The method proposed here is a two step process with input being the raw images and the final output being  per pixel classification labels as shown in Figure \ref{fig:re-segmentation}. The pipeline of our approach is shown in Algorithm \ref{alg:pseudocode}.

\begin{figure}
\centering
\begin{minipage}{0.74\textwidth}
\begin{algorithm2e}[H]
\caption{Tracking-Assisted Segmentation (TAS)}
\label{alg:pseudocode}
\KwIn{Sequence of frames}
\KwOut{Per frame cell segmentation and tracking information}
\For{frame in sequence} {%\vspace{0.5em}
	\textbf{Step 1}: Initial segmentation %\vspace{-0.3em}
	\begin{itemize}
		\setlength\itemsep{0em}
		\item Separate cell bodies from the background using U-Net %\vspace{-0.5em}
		\item Define cell identities using watershed or random walker %\vspace{-0.5em}
	\end{itemize}
	\textbf{Step 2}: Siamese tracking %\vspace{-0.8em}
	\begin{itemize}
		\setlength\itemsep{0em}
		\item Track each cell in small intervals %\vspace{-0.5em}
		\item Identify biological cell behaviours:%\vspace{-0.5em}
		    \begin{itemize}
		        \item \textbf{Collision}, if  \textit{match}(cell$_t$, cell$_{t-1}^{(1)}$, cell$_{t-1}^{(2)}$)%\vspace{-0.3em}
		        \item \textbf{Mitosis}, if  \textit{match}(cell$_t$, cell$_{t+1}^{(1)}$, cell$_{t+1}^{(2)}$) %\vspace{-0.3em}
		        \item \textbf{Cell death}, if  \textit{match}(cell$_t$, None) %\vspace{-0.3em}
		    \end{itemize}%\vspace{-0.5em}
		\item Re-segment cells using watershed %approach
	\end{itemize}
}
\end{algorithm2e}
\end{minipage}
\end{figure}


\subsection{Initial Segmentation} 
% Modified for R4 TAS differences
For the initial segmentation of cells, we propose three variants of our tracking-assisted segmentation (TAS) method, namely general, intermediate and specialised TAS. Here and henceforth, these approaches will be referred as g-TAS, i-TAS and s-TAS, respectively.
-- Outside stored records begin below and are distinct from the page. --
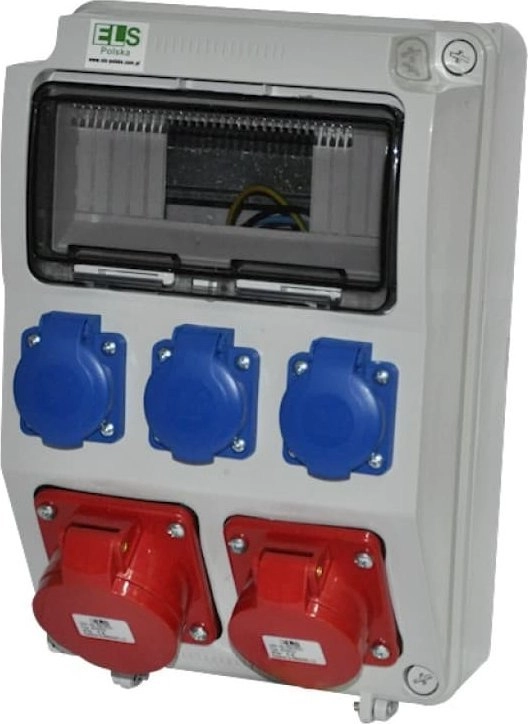 ELS Elektrotechnika Power supply set PRYMA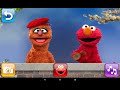 Elmo S Monster Maker Gameplay With Cookie Monster And Oscar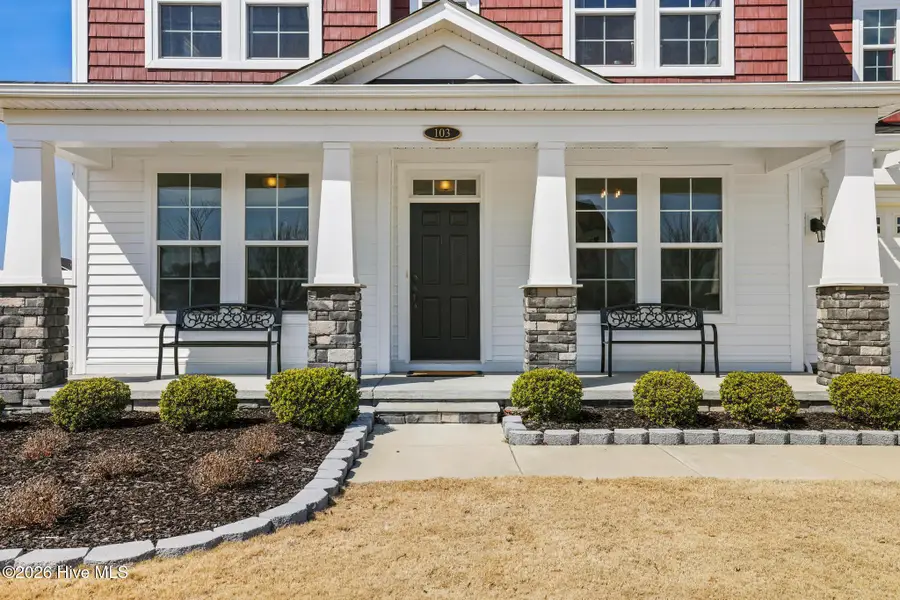 103 Ashbee Court, Moyock, NC 27958 - #3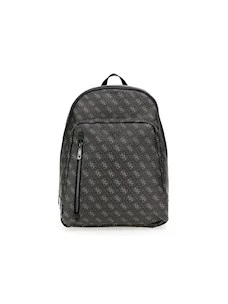 Zaino Grande c/Doppio Scompartimento e Logo Milano Guess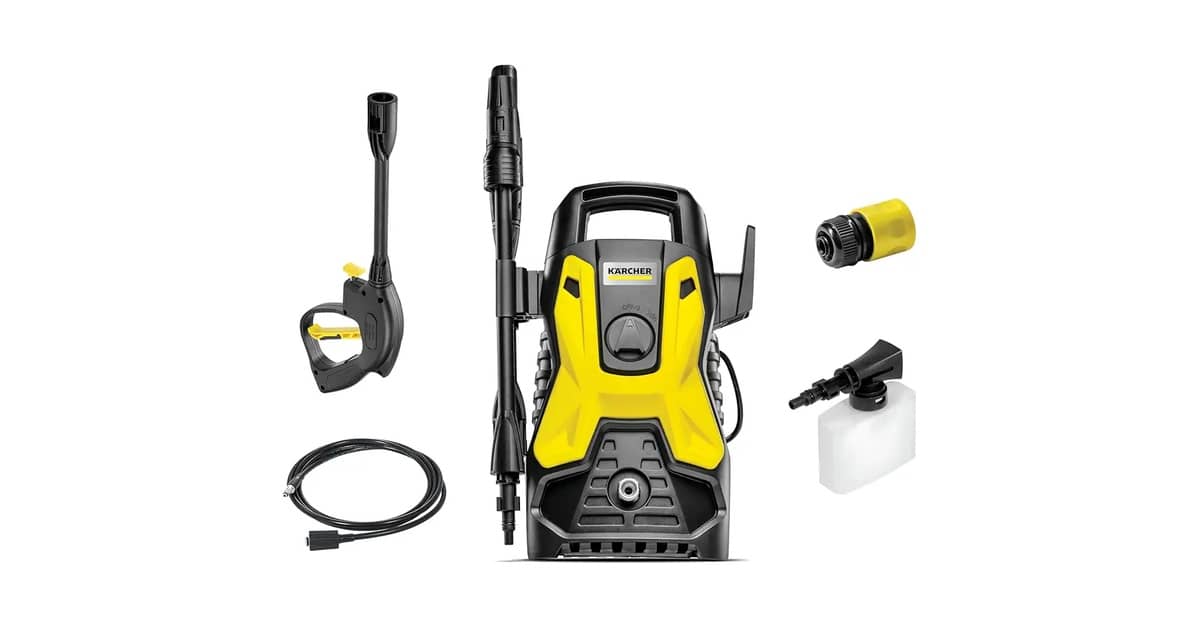 Melhor Lavadora de Alta Pressão Karcher: Guia de Escolha Eficaz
Further, the term \emph{pre-processing} refers to thresholding and filtering the raw image, e.g., to account for varying illumination, cell size, morphology and so on. With \emph{post-processing}, we refer to additional adjustments after the U-Net output, such as filling prediction gaps, threshold smaller regions and fitting ellipses. We follow \citet{lux2019dic} for the pre- and post-processing steps, either per dataset -as originally in their work- or across datasets. The three TAS variants differ in the pre- and post-processing steps and how these steps involve parameter tuning to a specific dataset. 
\begin{enumerate}
    \item g-TAS performs no pre-processing and no post-processing that relates to the U-Net approach or any specific cell-type.
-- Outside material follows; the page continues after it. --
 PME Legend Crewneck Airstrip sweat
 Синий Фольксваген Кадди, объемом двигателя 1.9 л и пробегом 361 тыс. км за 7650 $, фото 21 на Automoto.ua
    \item i-TAS tunes the pre-processing hyperparameters (associated with image normalisation, histogram equalisation and uneven illumination correction) independently per dataset (on the respective training sets) as explained in the work of \citet{lux2019dic}. This is to account for the very different range and distribution of pixel values that adversely affect the U-Net predictions. The siamese-based re-segmentation step after the U-Net output (our main contribution), remains the same for all data sets. 
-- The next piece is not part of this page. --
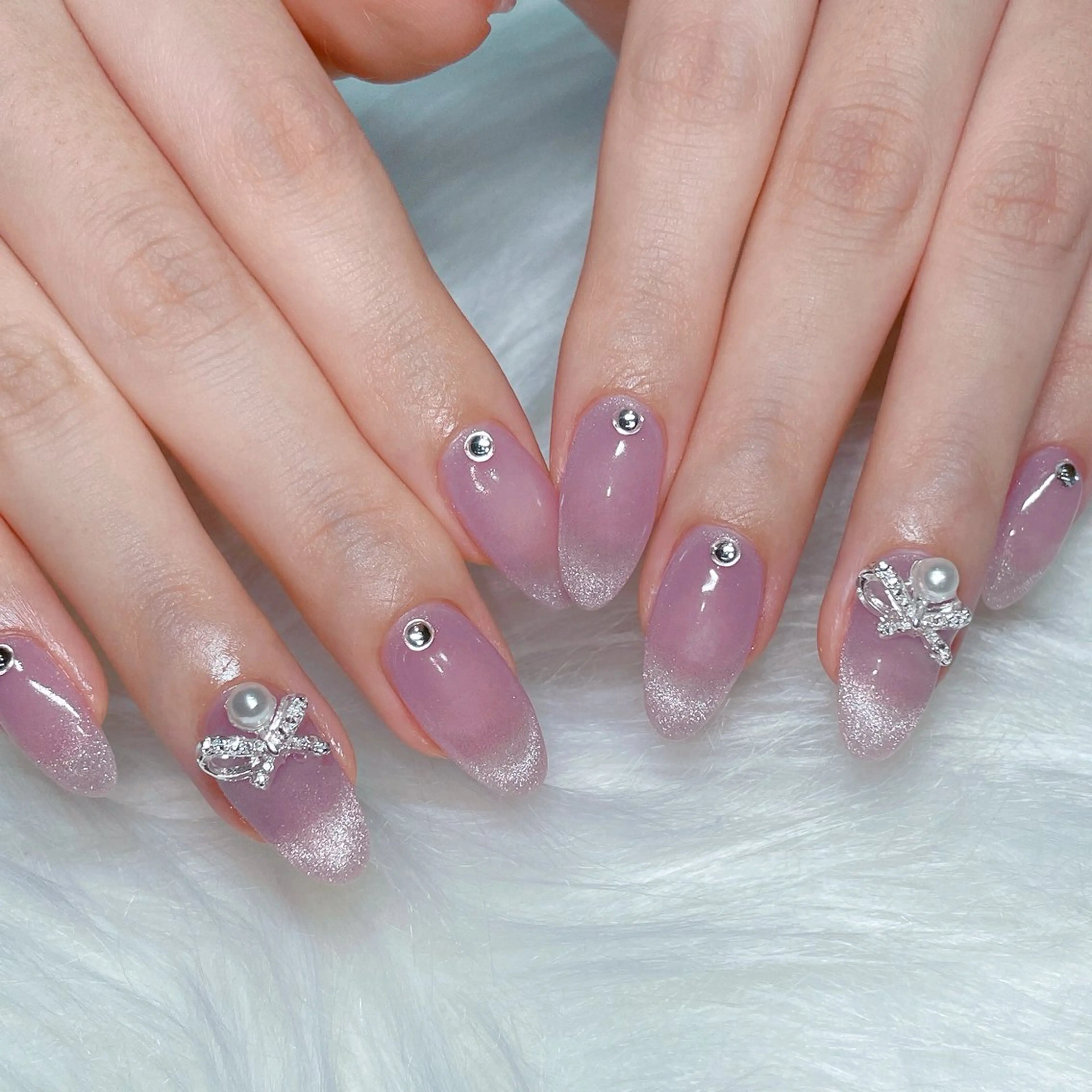 ネイル ハンドネイル Jeremy ♡ HARUKAのネイルデザイン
    \item s-TAS adapts the pre- and post-processing hyperparameters per dataset, using the approach proposed in \citet{lux2019dic}. This variant is designed specifically for detecting precise cell boundaries in order to minimise erroneous cell detection and be competitive with optimised state-of-the-art approaches. s-TAS retains the same re-segmentation augmented approach which we introduce. 
\end{enumerate}
\subsubsection{General Tracking Assisted Segmentation (g-TAS)}
G-TAS is a generalised implementation of tracking-assisted segmentation approach that requires no tuning or adjustments with respect to any datasets. First, a U-Net model \cite{unet} is explicitly trained across all data from all the different cell types, \ref{subsec:data}. Next, the random walker algorithm from the work of \citet{randomwalks} is used to generate the initial cell segmentation of the pipeline. Recent methods use the watershed algorithm for splitting cell body predictions from neural networks into smaller cells \cite{sharif2012red, lux2019dic}. However, the random walker algorithm is shown to be more resilient to noise and hence more suitable for predictions of diverse image properties and cell morphologies \cite{randomwalks}. The output of the random walker is then fed into the tracker network to correct for mitosis, apoptosis and cell collisions, \ref{subsubsec:mitosis}. 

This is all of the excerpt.